Potremmo continuare a moltiplicare gli esempi. Spesso drammatici, in generale seri, talvolta frivoli o perfino comici. Ma la risposta non può che essere sempre la stessa: di fronte a un diritto garantito al cittadino, chi in coscienza non può soddisfarlo scelga una professione diversa, che non lo metta in conflitto con la propria coscienza. Altrimenti, avremo tante leggi quante le opinioni morali, cioè l’arbitrio di ciascuno di calpestare i diritti altrui, con l’alibi della “coscienza”.
Infine: colpisce, in questo ennesimo conato di sopraffazione clericale, la postura difensiva dei “laici”. Bene che vada si reagisce, con toni più o meno “misurati”, quando un Ratzinger, un Ruini, un Bertone, un Bagnasco, architettano l’ennesima incursione contro la laicità democratica. Mai che si prenda l’iniziativa, che si provi a determinare l’«agenda», sul diritto all’eutanasia, sulla Ru486, sulle staminali e la ricerca, sull’abrogazione del Concordato. Mai che si dica: o così o non vi votiamo.
Considerato il fatto che non mi sono ancora costruito una ben precisa opinione morale sul fatto e’ indiscutibile che la materia è delicata. Di fatto il farmacista cattolico si trova di botto con la responsabilità di vendere ciò che serve per un omicidio. A differenza del soldato o del venditore di armi medico e farmacista non vendono un deterrente, un’arma di difesa anche se pur sempre un’arma. Per esempio una cosa è vendere uno stock di armi alla polizia di stato, una cosa venderlo ad un boss mafioso. Oppure una cosa è vendere dinamite a un geologo, una cosa venderla a un ladro. Ancora: una cosa è costruire esplosivo per le cave una cosa è costruire un pappagallo verde! ( i pappagalli verdi costruiti anche in italia sono delle mine antiuomo a forma di giocattoli che vengono paracadutati o cmq disseminati vicino ai centri abitati col preciso intento di mutilare i bambini che attratti dalla forma ci giocano con le conseguenze che immaginiamo).

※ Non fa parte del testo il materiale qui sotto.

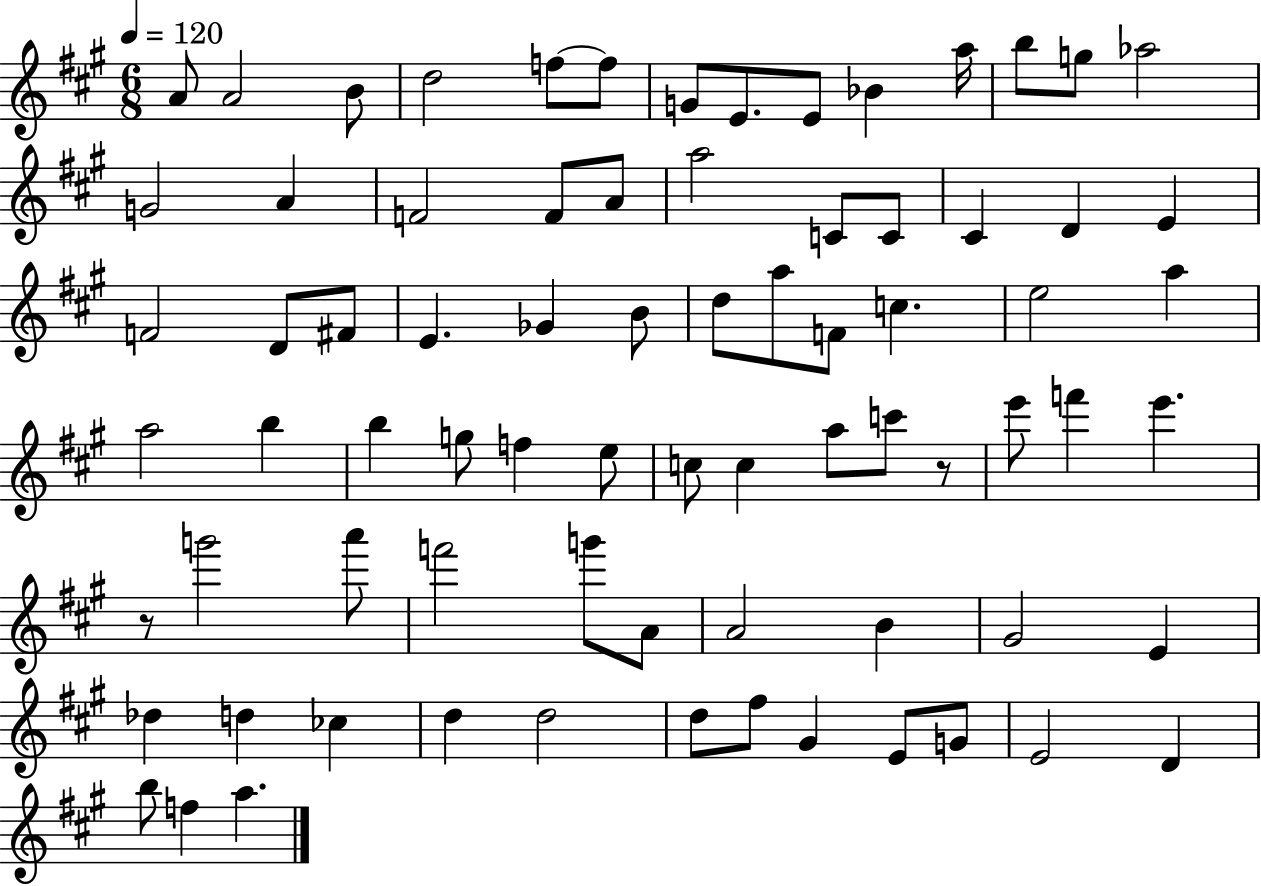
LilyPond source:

Ora ad un costruttore è lecito rifiutarsi di costruire pappagalli verdi? E’ lecito che nonostante le richieste vessanti degli stati o delle fazioni in guerra possa decidere di non costruirli spostando il suo target dalla guerra alle cave?
Certo ne subirà un notevole danno di immagine, economico… ma è nella sua libertà? Oppure la sua funzione sociale di costruttore di esplosivi lo costringe a costruire ciò che non vuole? Dovrà costruire pappagalli verdi o no?
In ultimo è lecito per chi crede che costruire pappagalli verdi sia filosoficamente immorale dialogare con chi crede nella stessa cosa e spiegargli che può riconvertire i suoi impianti e non vendere quello strumento di dolore?
E insieme questi secondo voi possono dialogare con i costruttori convinti del loro prodotto che sarebbe meglio cambiare target?
La risposta a voi.
La chiesa è un business economico che si basa sugli allocchi. Se uno fa il medico, deve fare quello che il paziente gli chiede, perche in quel momento è il cliente.
Le scelte personali le fa su se stesso e basta.